Real-world Cyber Attacks Targeting Data Science Tools
With the accelerated move to the cloud, organizations increasingly rely on large data teams to make data-driven business decisions. In their job, data professionals are given high privileges and access to development and production environments. But what are the security threats that target data tools? And, more importantly, are organizations prepared to deal with these challenges? Our research at Team Nautilus revealed that many data tools are exposed to threats and are being actively attacked in the wild.
We transformed our notions into a series of blogs exploring the threats that face data practitioners, based on actual attacks in the wild, and providing recommendations on how to mitigate these risks.
As part of this research, we discovered the first-ever Python ransomware attack targeting Jupyter Notebooks. In this next post in the series, we detail the attacks on Jupyter Notebooks and other popular open source tools that data practitioners use to analyze and manipulate data.
Who are data practitioners?
Data practitioners collect, manipulate, and analyze the company’s data to guide and empower the business with actionable insights. There’s a large variety of data roles in modern organizations. The top three are data engineers, data scientists, and data analysts.
- Data engineers design, build, and maintain the organization’s data infrastructure, including data acquisition and collection. They integrate data from various sources and make it fit the organization’s data platforms.
- Data scientists design and build data tools. They apply complex math and modeling to build advanced data tools to perform large-scale analytics tasks.
- Data analysts perform data analysis and report the results to the stakeholders in the organization. In their day-to-day role, they maintain dashboards, generate reports, and prepare data visualizations.
To do their job, data practitioners usually require high-privileged access to the company’s databases and computing resources. Therefore, they get exposed to cyber risks that can cause significant damage to their organization.
What are data science tools?
Data practitioners are responsible for obtaining, cleaning, storing, preprocessing of data, and building dashboards, reports, and other deliverables based on it. To do so, they require knowledge and experience with various tools, frameworks, and programming languages, such as Jupyter notebook, Apache Spark, Hadoop, Airflow DAG, Redis, MySQL, and more. Typically, these tools are used by different kinds of data roles across an organization to deliver different products. However, from a security perspective, they all create an attack surface that can be exploited by adversaries.
Summary of the observed attacks that target data science tools
We’ve seen various attacks that target popular tools such as Jupyter notebooks, a web-based user interface to work with data, write and execute code, and visualize the results.
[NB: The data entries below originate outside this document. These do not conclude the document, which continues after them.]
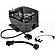 Dorman (OE Solutions) Air Compressor - 949099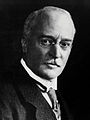 魯道夫·狄塞爾 Rudolf Diesel （1858－1913）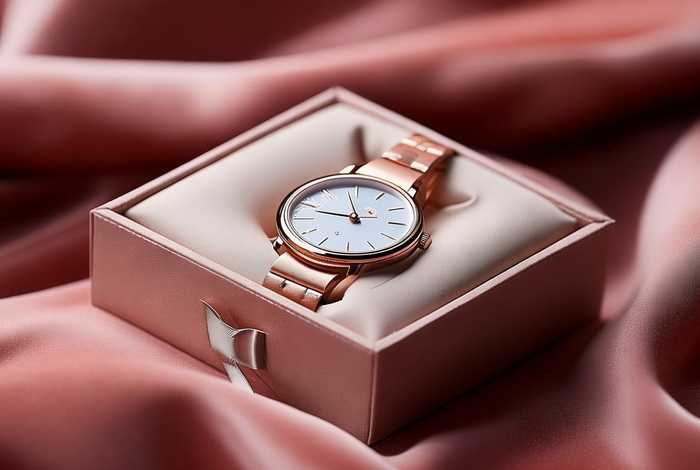 5000以内奢侈品小礼物送女领导；5000以内奢侈品小礼物送女领导好吗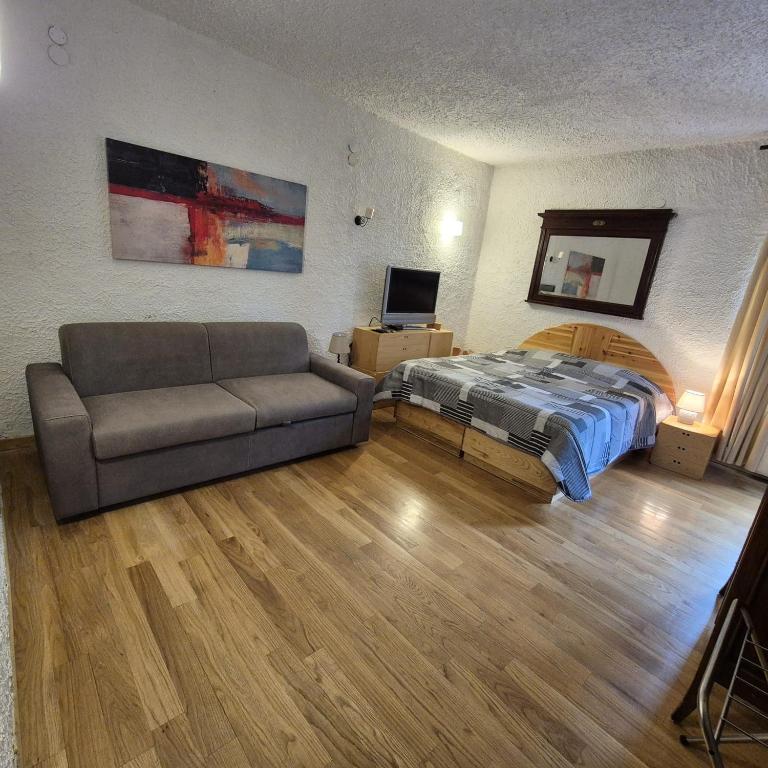 Come a casa - Chambres d'hôtes Rivisondoli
Most of the attacks got initial access via misconfigured environments. After gaining access, adversaries attempted to achieve persistence by creating a new user in the notebook or adding Secure Shell (SSH) keys. Then, most of the attacks executed a cryptominer, trying to get a quick gain. Below, we analyze these attacks in detail.
Detection methods and mitigation recommendations
There are a few recommendations organizations can follow to mitigate these risks and protect their data tools:
- Use tokens or another authentication method to control access to data tools.
- Limit inbound traffic to the application by blocking the internet access completely or, if the environment requires internet access, by using network rules or VPN to control inbound traffic. Limiting outbound access is also recommended. For example, in the Aqua platform, you can set network rules to limit access to your resources.
- Run applications with a non-privileged user or one with limited access.
- Ensure that all the Jupyter Notebook users are known. You can query the users in an SQLite3 database, which should be found in this path: ./root/.local/share/jupyter/nbsignatures.db
We also recommend to look for SSH authorized keys files to find any unknown users or keys.
- Monitor the running processes on the host to detect suspicious processes or cryptominers that hijack resources, which will show up in a high CPU usage.
For instance, in the screenshot above, you can see that processes Python 2.7 and Python 3 are consuming a very high CPU. In fact, these are cryptominers. Normally, Python processes don’t consume high CPU for an extended period of time — or at least shouldn’t. If this is happening for a long time, it could indicate a cryptominer if the environment was compromised. This might slow the machine down, disrupt its operation, and cause high cloud bills.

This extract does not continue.